Setelah berjam-jam berlalu, akhirnya pengumuman hasil pun tiba. Jantung Raihan berdebar kencang ketika namanya disebut sebagai salah satu peserta yang diterima. Air mata kebahagiaan mengalir di pipinya saat dia menyadari bahwa impiannya mulai terwujud.
Raihan pulang ke desa dengan semangat yang membara. Dia mengundang teman-teman dan keluarganya untuk merayakan keberhasilannya. "Ini baru permulaan! Aku akan berjuang lebih keras lagi!" teriaknya penuh semangat.
Namun, perjalanan baru itu bukan tanpa tantangan. Di akademi, Raihan harus beradaptasi dengan lingkungan yang sangat kompetitif. Setiap hari, dia berlatih lebih keras daripada sebelumnya, berhadapan dengan banyak pemain berbakat dari seluruh penjuru negeri. Dia mengalami masa-masa sulit, kadang merasa tertekan dan cemas akan kemampuannya.
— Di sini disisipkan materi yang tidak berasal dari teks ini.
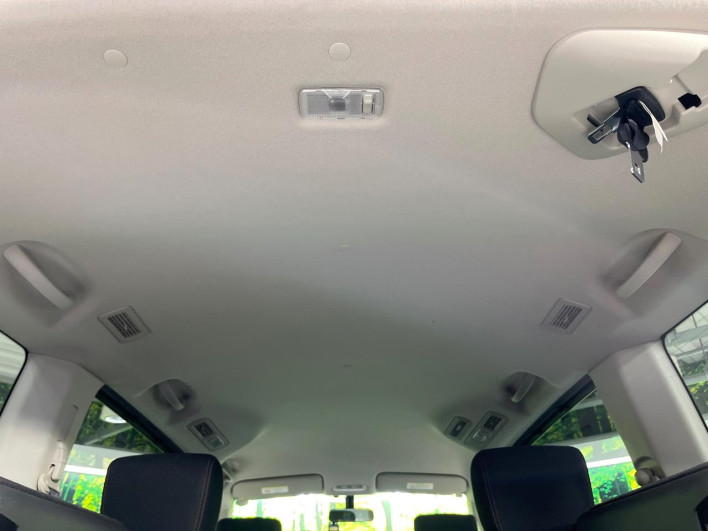 2013 Nissan Serena DAA-HFC26 (UW-69f80d3233220)[15]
Suatu malam, setelah latihan yang melelahkan, Raihan merasa frustasi. Dia duduk sendirian di lapangan, memandangi langit yang berbintang. Dalam keheningan, dia mengingat kembali semua pengorbanan yang telah dilakukan---waktu yang dihabiskan berlatih, ketidakpastian yang dihadapi, dan dukungan keluarganya. Dia menyadari bahwa semua itu adalah bagian dari perjalanan menuju impian.
Raihan kemudian bertekad untuk tidak menyerah. Dia mulai memperbaiki pola latihannya, meminta masukan dari pelatih, dan berusaha lebih disiplin. Setiap kesalahan dianggap sebagai pelajaran berharga, dan setiap kemenangan kecil dipandang sebagai langkah menuju tujuan yang lebih besar.